More than 20 recordings were made of "I Can't Believe That You're in Love with Me" in the 16 years following its publication. Early recordings included Roger Wolfe Kahn and His Orchestra (1926), Louis Armstrong (1930), Nat Gonella (1932), Earl Hines (1932), Artie Shaw (1938), Teddy Wilson (1938), and Ella Fitzgerald (1941).

It is sung twice by Claudia Drake in Edgar G. Ulmer's low-budget film noir classic Detour (1945); it is also featured in The Caine Mutiny (1954), where it is performed by the leading actress in an early scene and the composers credited prominently in the opening titles.

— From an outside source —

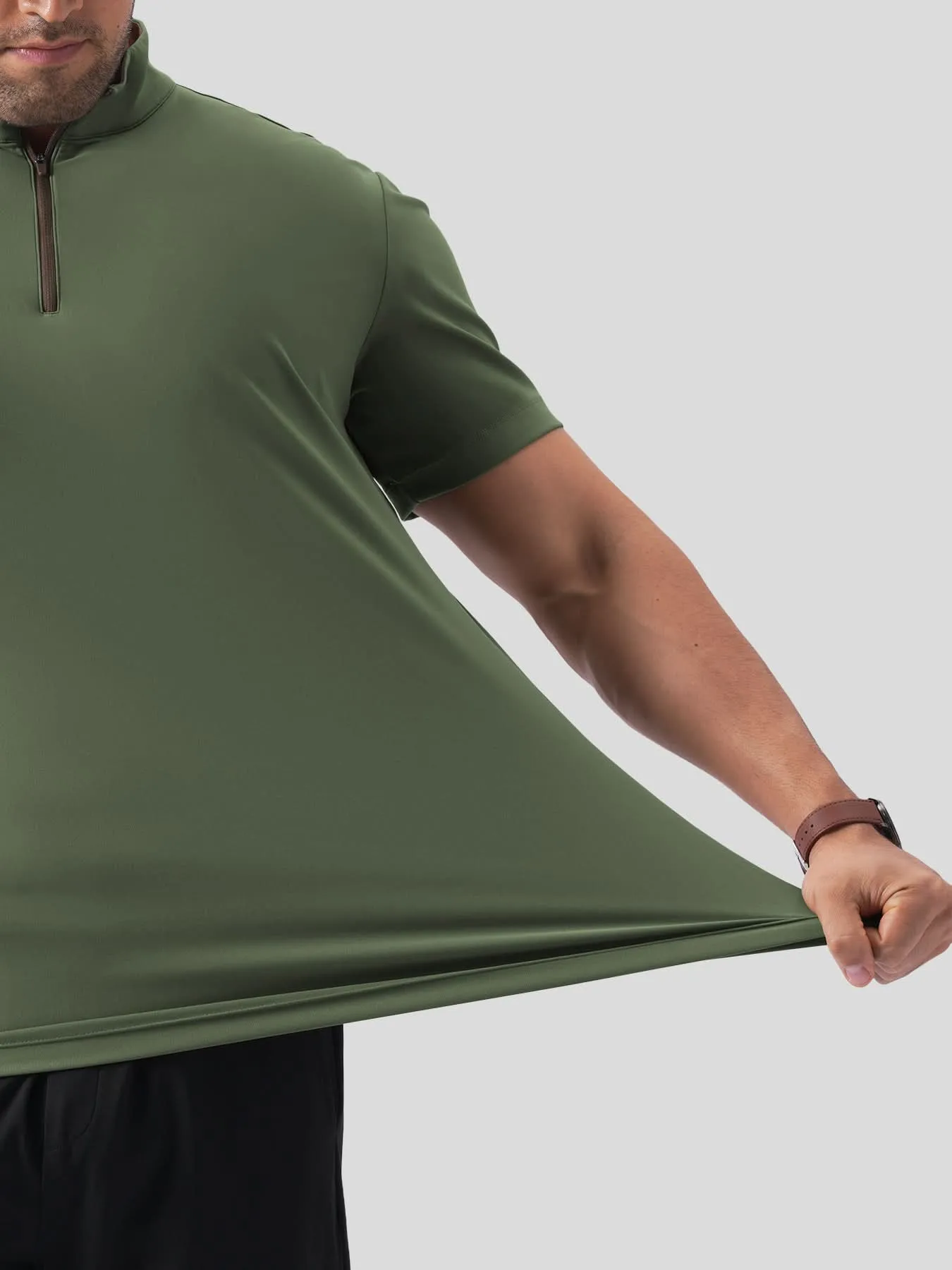 SmoothBlend Half Zip Mock Neck Short Sleeve Tee sold by Fioboc product image thumbnail 3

In the 1967 film Thoroughly Modern Millie it is sung by an uncredited male vocalist on the gramophone.

==Notable recordings==
- Billie Holiday (1938)
- Anita O'Day (1945)
- Frankie Laine (1946)
- Ames Brothers - this charted briefly in 1953
- Paul Quinichette - Moods (1954)
- Nelson Riddle (1954) - included in the 2-CD set Let's Face The Music (2008)
- Tony Bennett for his album Cloud 7 (1955)
- Louis Armstrong - included in the box set Satchmo: A Musical Autobiography (1956)
- Mel Tormé - Prelude to a Kiss (1958)
- Jimmy Rushing - Rushing Lullabies (1959)
- Dean Martin - This Time I'm Swingin'! (1960)
- Dinah Washington - included in her album September in the Rain (1960)
- Dinah Shore - included in her album Dinah Sings Some Blues with Red (1960)
- Frank Sinatra - Sinatra's Swingin' Session!!! (1961)
- Bobby Darin - for his album It's You or No One (1963)
- Art Pepper - Intensity (1963)
- Joe Williams with Count Basie and his orchestra - The Greatest!! Count Basie Plays, Joe Williams Sings Standards
- June Christy - A Friendly Session, Vol. 3 (2000) with the Johnny Guarnieri Quintet; Cool Christy (2002)
- Bing Crosby - recorded August 7, 1945 with Carmen Cavallaro on piano.
- Joni James - for her album 100 Strings and Joni...I’m in the Mood for Love (1960).
- Jack Jones - for his album There's Love & There's Love & There's Love (1965).